Mais comme le souligne le ministre du Développement, de l’Industrie et du Commerce extérieur du Brésil Mauro Borges, il reste du chemin à parcourir. Les échanges commerciaux bilatéraux n’ont représenté « que » 10 milliards de dollars en 2013, sur la balance commerciale du Brésil qui était de 500 milliards de dollars. La France, qui était le 5e investisseur étranger en 2010 a reculé au 8e rang en 2013.

Le Brésil est-il encore cette grande puissance des BRICS ?

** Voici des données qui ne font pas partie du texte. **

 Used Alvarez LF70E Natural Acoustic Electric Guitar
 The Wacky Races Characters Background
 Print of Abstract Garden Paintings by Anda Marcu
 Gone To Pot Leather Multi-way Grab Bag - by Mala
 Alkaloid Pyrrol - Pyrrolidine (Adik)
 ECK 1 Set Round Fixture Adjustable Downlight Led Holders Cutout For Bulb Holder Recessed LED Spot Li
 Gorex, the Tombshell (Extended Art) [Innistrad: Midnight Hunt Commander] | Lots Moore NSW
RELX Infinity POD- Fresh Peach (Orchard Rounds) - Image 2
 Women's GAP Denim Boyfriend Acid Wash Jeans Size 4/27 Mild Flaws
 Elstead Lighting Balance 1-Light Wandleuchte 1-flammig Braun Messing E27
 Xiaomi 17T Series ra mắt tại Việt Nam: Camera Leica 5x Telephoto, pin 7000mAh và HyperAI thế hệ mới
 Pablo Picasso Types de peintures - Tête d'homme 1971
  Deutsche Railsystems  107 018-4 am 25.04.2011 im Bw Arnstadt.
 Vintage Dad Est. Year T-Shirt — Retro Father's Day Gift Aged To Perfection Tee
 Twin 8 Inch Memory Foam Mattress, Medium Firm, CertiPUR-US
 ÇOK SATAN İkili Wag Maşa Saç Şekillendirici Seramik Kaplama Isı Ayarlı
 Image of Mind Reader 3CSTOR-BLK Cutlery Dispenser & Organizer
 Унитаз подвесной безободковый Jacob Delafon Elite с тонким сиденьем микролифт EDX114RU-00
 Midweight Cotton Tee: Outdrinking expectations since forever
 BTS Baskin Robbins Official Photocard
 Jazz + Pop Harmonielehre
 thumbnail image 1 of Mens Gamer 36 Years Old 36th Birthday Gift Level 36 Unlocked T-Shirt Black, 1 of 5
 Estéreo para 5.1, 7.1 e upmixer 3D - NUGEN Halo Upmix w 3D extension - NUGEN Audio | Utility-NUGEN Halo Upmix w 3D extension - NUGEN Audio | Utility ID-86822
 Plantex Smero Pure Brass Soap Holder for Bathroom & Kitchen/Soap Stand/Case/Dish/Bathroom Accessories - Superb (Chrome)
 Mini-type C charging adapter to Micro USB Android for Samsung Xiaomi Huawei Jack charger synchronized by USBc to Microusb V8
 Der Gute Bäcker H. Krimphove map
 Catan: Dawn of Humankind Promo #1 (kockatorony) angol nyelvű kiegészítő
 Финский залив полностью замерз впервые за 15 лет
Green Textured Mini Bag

Les BRICS, c’est un regroupement de pays (Brésil, Russie, Inde, Chine et Afrique du Sud) qui ont connu une croissance formidable parfois à deux chiffres, jusqu’à ces dernières années.
Or le FMI évoque à présent un « ralentissement prolongé » des BRICS.
L’Inde est passée d’une croissance à 8,5 % en 2009 à 4 % en 2013, la Chine de 11 % à 7,5 %, et c’est encore plus faible pour le Brésil. Selon banquemondiale.org, le pays a connu une croissance en dents de scie ces 5 dernières années :
– 2009 : -0,3 % ;
– 2010 : 7,5 % ;
– 2011 : 2,7 % ;
– 2012 : 0,9 % ;
– 2013 : 2,3 %.

Outre des ressources naturelles abondantes (le pays est autosuffisant pour le pétrole) et des secteurs industriels dynamiques (agroalimentaire, automobile, aéronautique et high-tech), le pays doit affronter des défis majeurs. Avec 16 % de personnes qui vivent en dessous du seuil de pauvreté (2012), les inégalités sociales sont plus fortes que jamais.
Les nombreuses manifestations autour de la Coupe du Monde de la Fifa ne font que souligner ces problématiques d’inégalité, de violence et d’insécurité. Le pays est en pleine réforme structurelle que son administration très lourde n’aide pas à réaliser.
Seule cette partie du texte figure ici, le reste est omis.